Q: Why is the test for divergence inconclusive in this case?

The test for divergence involves determining the limit as n approaches infinity. In this case, the limit is 0, which does not provide enough information to conclude whether the series converges or diverges.

Q: How is the limit comparison test applied in this analysis?

The limit comparison test involves comparing the given series with a known divergent series, such as the harmonic series. By taking the limit as n approaches infinity, the comparison is made to determine if the series also diverges.

Q: How is L'Hopital's rule used in the analysis?

L'Hopital's rule is used to evaluate the limit of a 0/0 situation. In this case, the rule is applied to determine the limit of 2 to the power of 1/n as n approaches infinity, resulting in a value of ln(2). This value is then used in the limit comparison test.

Q: What is the final conclusion reached in the analysis?

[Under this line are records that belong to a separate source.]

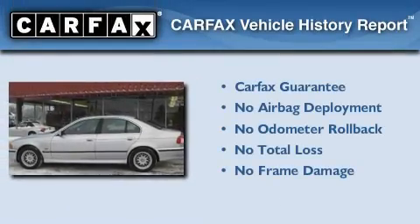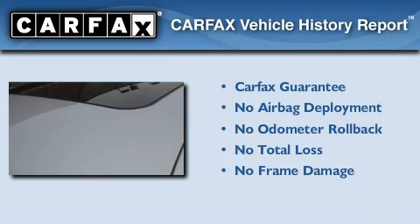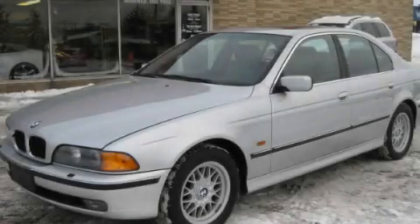Not to mention that this BMW qualifies for the Carfax buyback guarantee. This vehicle is sure to sell fast. Call and arrange your test drive today.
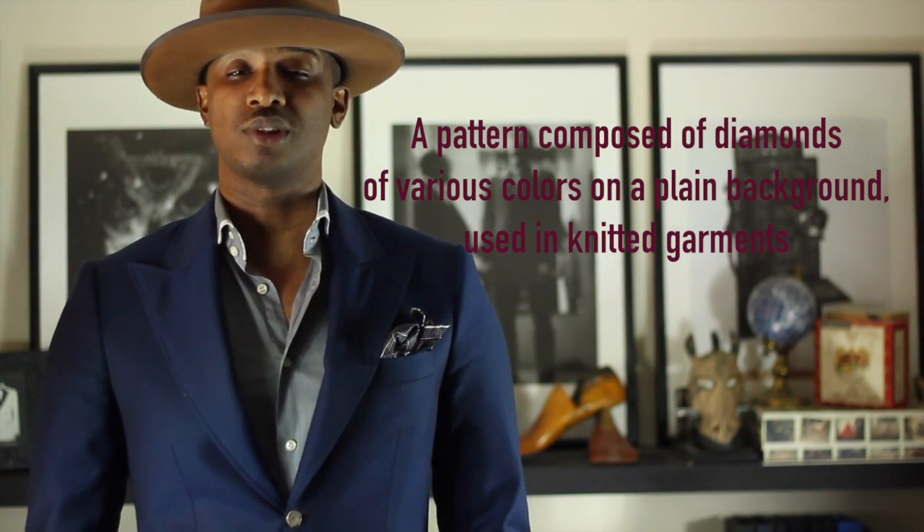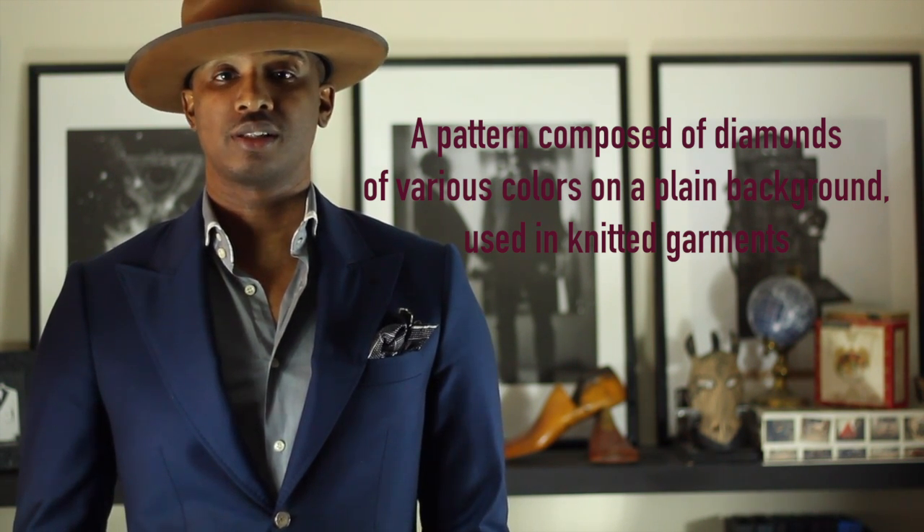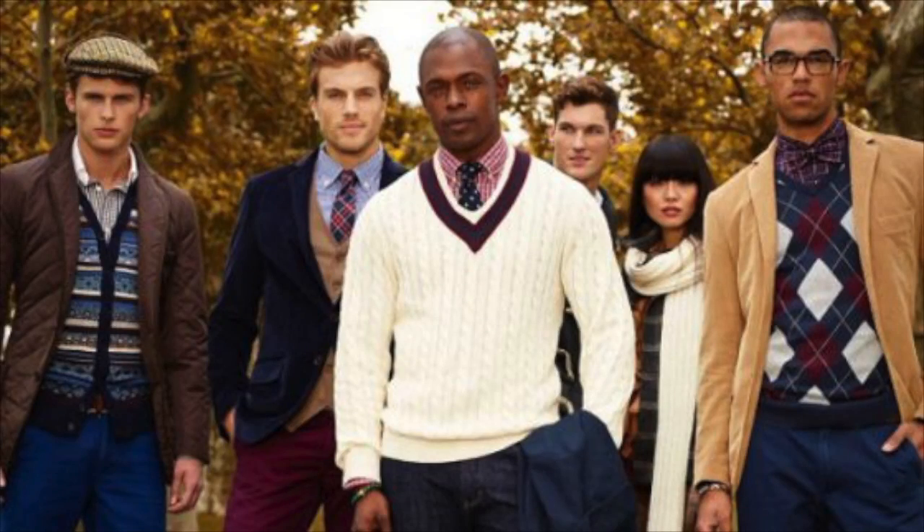Now it used to be in England that it was handmade by artisans, but of course now it's machine made. You can generally find the patterns on sweaters or socks, and it is associated more with the prep culture and will give you a little bit of a preppy, kind of leave it to beaver, classic type of motif.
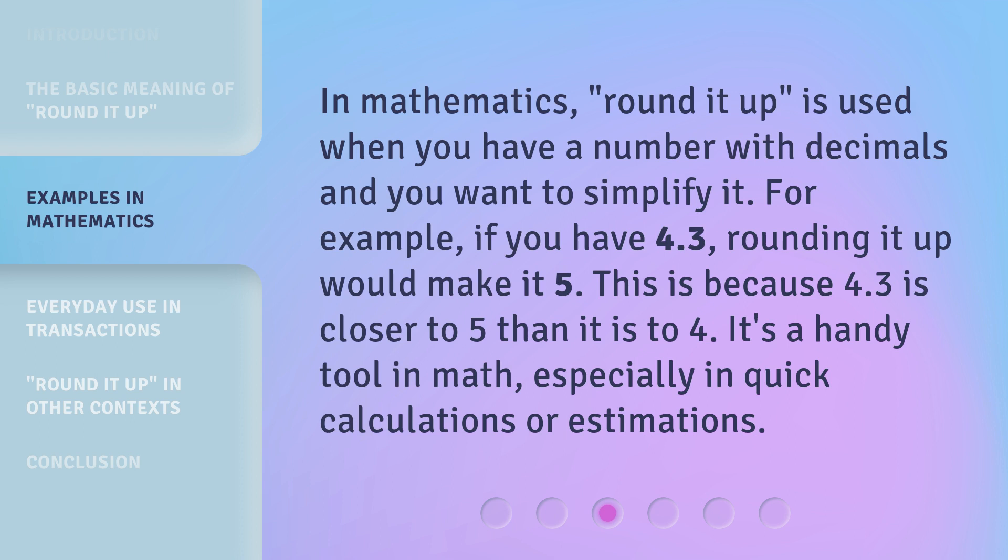In mathematics, Rounded Up is used when you have a number with decimals and you want to simplify it. For example, if you have 4.3, rounding it up would make it 5. This is because 4.3 is closer to 5 than it is to 4. It's a handy tool in math, especially in quick calculations or estimations.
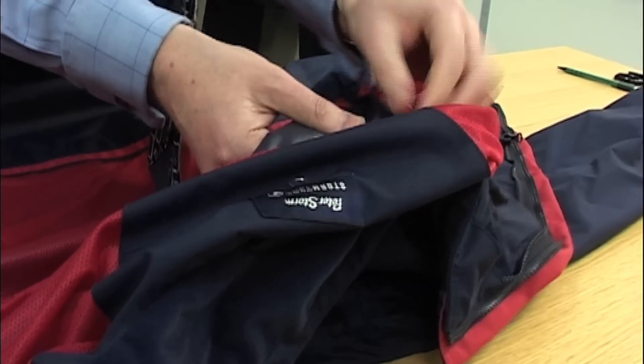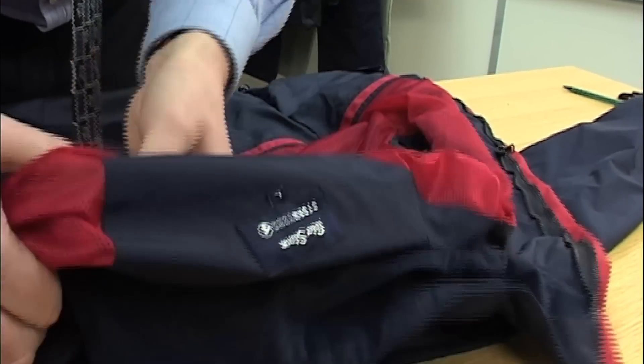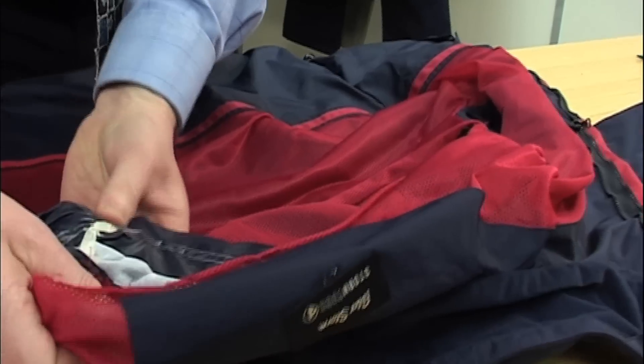As head technologist for shops like Black's and Millet's, it's Martin Stannard's job to make sure that all the clothing sold in these stores meets the claims made about its performance. And that means testing all the different benefits a fabric claims to offer.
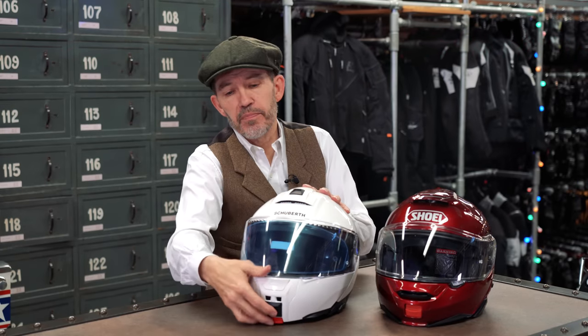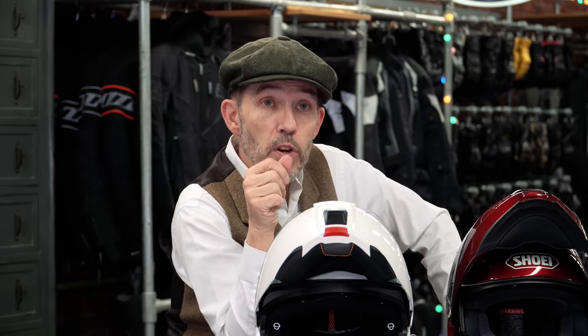Both these helmets come with drop-down sun visors. In the case of the C5, you've got a slider at the base of the shell — the same as every other Schuberth flip lid. On the Neotec, there's a slider on the side of the helmet. Both have removable chin curtains, and that's important because the chin curtain is an integral part of making a flip lid as quiet as it can be. But there may be times — perhaps it's particularly hot, or you need more air in — when you want to remove it, so on both helmets it's easily removable.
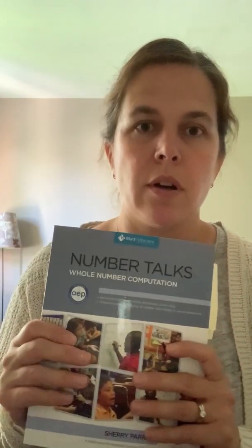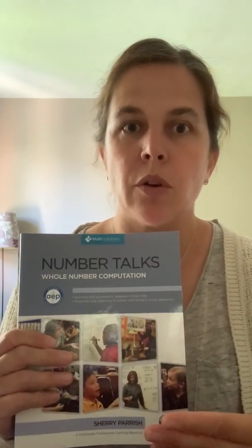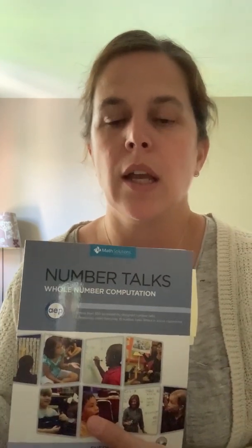Lastly, I also believe that this is a great book because of the real-life classroom examples you are able to view. You can reflect on your own practice, but it's really nice to be able to see Number Talks in action in other classrooms. There's a full section at the back where links are provided so you can see students engaging with the problems and how the educator navigates through that learning.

The series represented as Sigma n goes from 1 to infinity of the nth root of 2 minus 1 also diverges, determined by using the limit comparison test and comparing it with the harmonic series.

Summary & Key Takeaways

  • The content introduces the concept of representing nth root as a power in a series.

  • The test for divergence is attempted, but it fails due to resulting in 0.

  • The limit comparison test is used to compare the series with the harmonic series, concluding that it also diverges.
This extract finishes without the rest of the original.